For the first time ever, a substantial selection from the Societe Anonyme collection, formed by Katherine S. Dreier and Marcel Duchamp, is traveling the country.

Published Art In America, June 29, 2006  

In 1920, artist and social activist Katherine S. Dreier met with Marcel Duchamp and Man Ray in New York to found the Societe Ano­nyme, the first museum of modern art in America. Ini­tially infused with the Dada spirit, due to the artistic orientation of her collaborators, the Societe Anonyme was for Dreier a lifelong mission within which she would support and promote a wide range of European and American modernism. Carried forward by her vision, persistence and tireless correspondence, over the course of the next several years the Societe Ano­nyme would mount no fewer than 80 innovative exhi­bitions, among them the first solo shows in America of work by Kandinsky, Archipenko, Jacques Villon, David Burliuk, John Storrs and many others. The exhibi­tions were often accompanied by lectures, symposia, performances, publications and education programs. In short order, a collection began to form, with much of the work being donated by artists or purchased at modest cost by Dreier.

Although she had hoped to preserve the collection as an independent entity, in 1941 Dreier donated the Societe Anonyme’s holdings to the Yale University Art Gallery. She continued to expand the collection over the course of the next decade and several hun­dred works were added from her estate after her death in 1952. The collection eventually comprised over 1,000 works and included major pieces by such leading figures as Duchamp, Brancusi, Mondrian, Malevich, Lissitzky and many others. While it cannot be said that the Societe Anonyme collection fell into obscurity over the course of the next half-century, neither can it be claimed that the Yale University Art Gallery made major efforts to promote or draw attention to the collection, its unique character and its numerous achievements.

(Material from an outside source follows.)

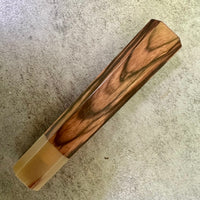 Custom Japanese Knife handle (wa handle) for 240mm - Mun ebony and blonde horn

In late April 2006, the exhibition “The Societe Anonyme: Modernism for America” opened at the Hammer Museum at the University of California, Los Angeles, the first stop in a four-city tour that termi­nates at the Yale University Art Gallery. Organized by Yale curator Jennifer C. Gross, it marks the first time a selection of works from the Societe Anonyme collection has traveled outside of New Haven. The exhibition does not simply display the 200 selected pieces, but employs them in such a way as to permit the story of the Societe Anonyme to unfold as the viewer moves from one gallery to the next. Impor­tant Societe Anonyme exhibitions are simulated and glass-fronted cases replete with correspondence and ephemera of various kinds are strategically placed in order to promote a better understanding of the nature of Dreier’s enterprise.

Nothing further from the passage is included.